* [Supplied data]:
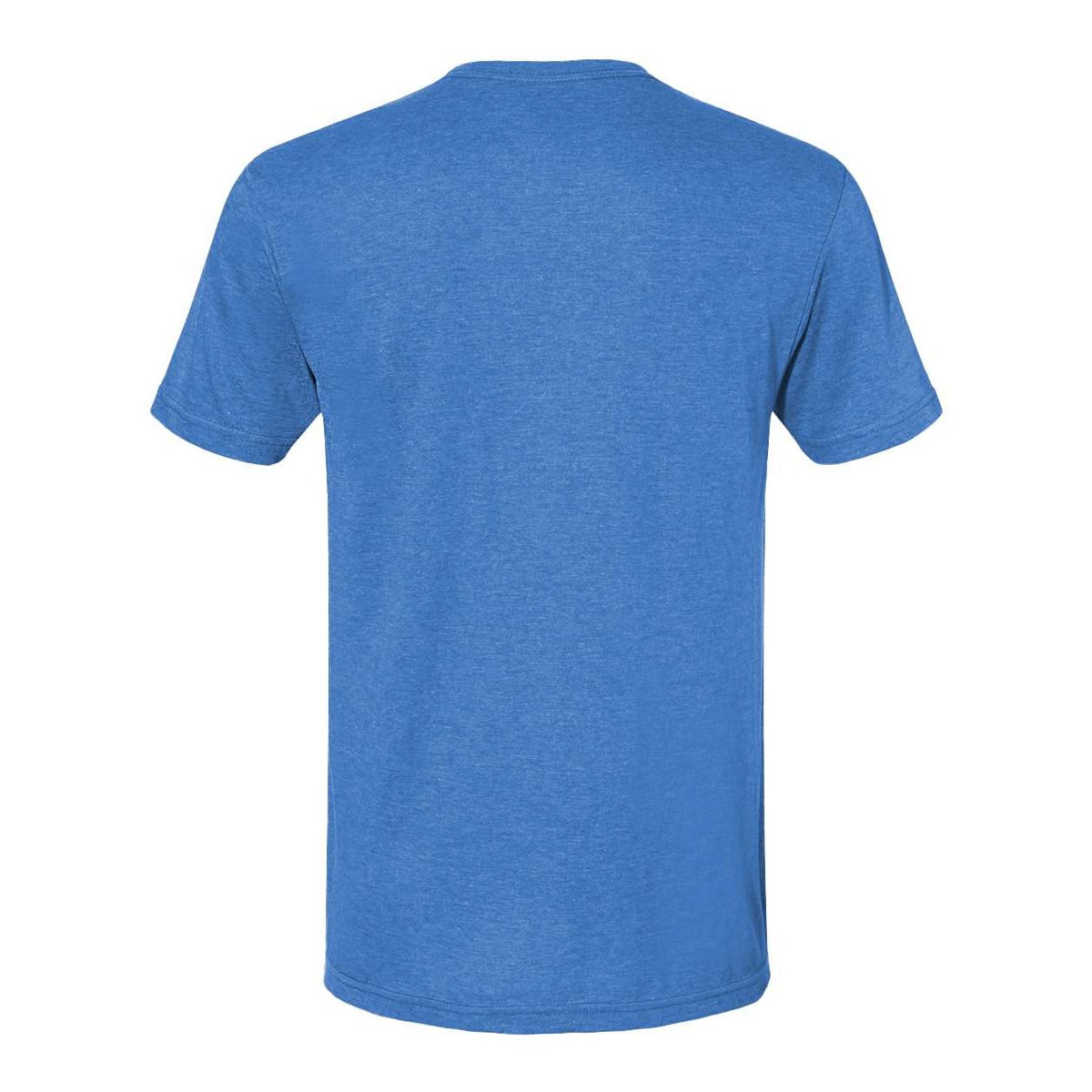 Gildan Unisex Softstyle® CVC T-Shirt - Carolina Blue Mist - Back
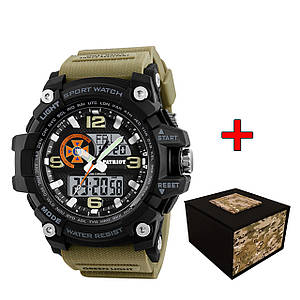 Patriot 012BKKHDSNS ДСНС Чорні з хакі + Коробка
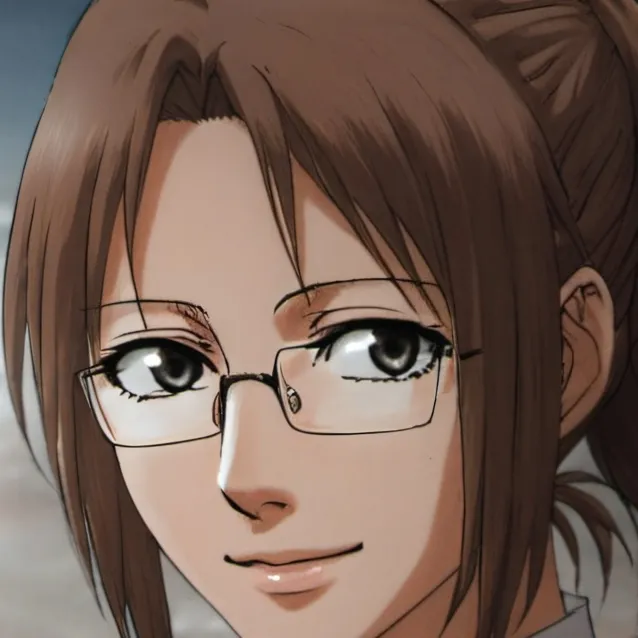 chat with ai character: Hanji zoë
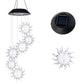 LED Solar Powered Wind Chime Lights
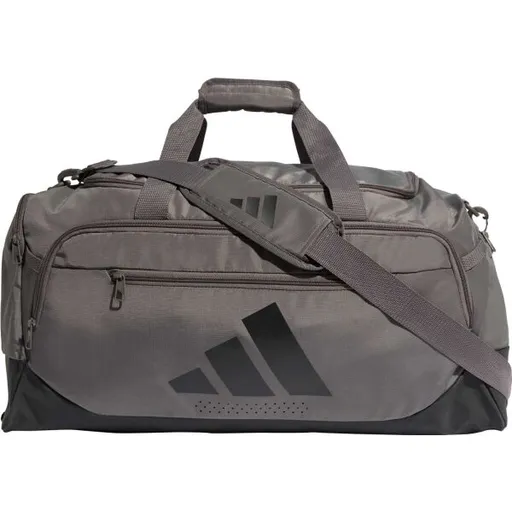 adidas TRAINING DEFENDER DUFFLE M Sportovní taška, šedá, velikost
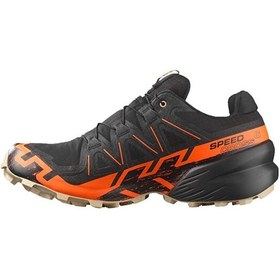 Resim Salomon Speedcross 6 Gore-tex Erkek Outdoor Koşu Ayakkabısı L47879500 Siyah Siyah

* [Work instruction]: Begin at the line containing "adidas TRAINING DEFENDER" and write out every line to the end of the data exactly. Skip the pictures.

* [Task output]:
 adidas TRAINING DEFENDER DUFFLE M Sportovní taška, šedá, velikost
 Resim Salomon Speedcross 6 Gore-tex Erkek Outdoor Koşu Ayakkabısı L47879500 Siyah Siyah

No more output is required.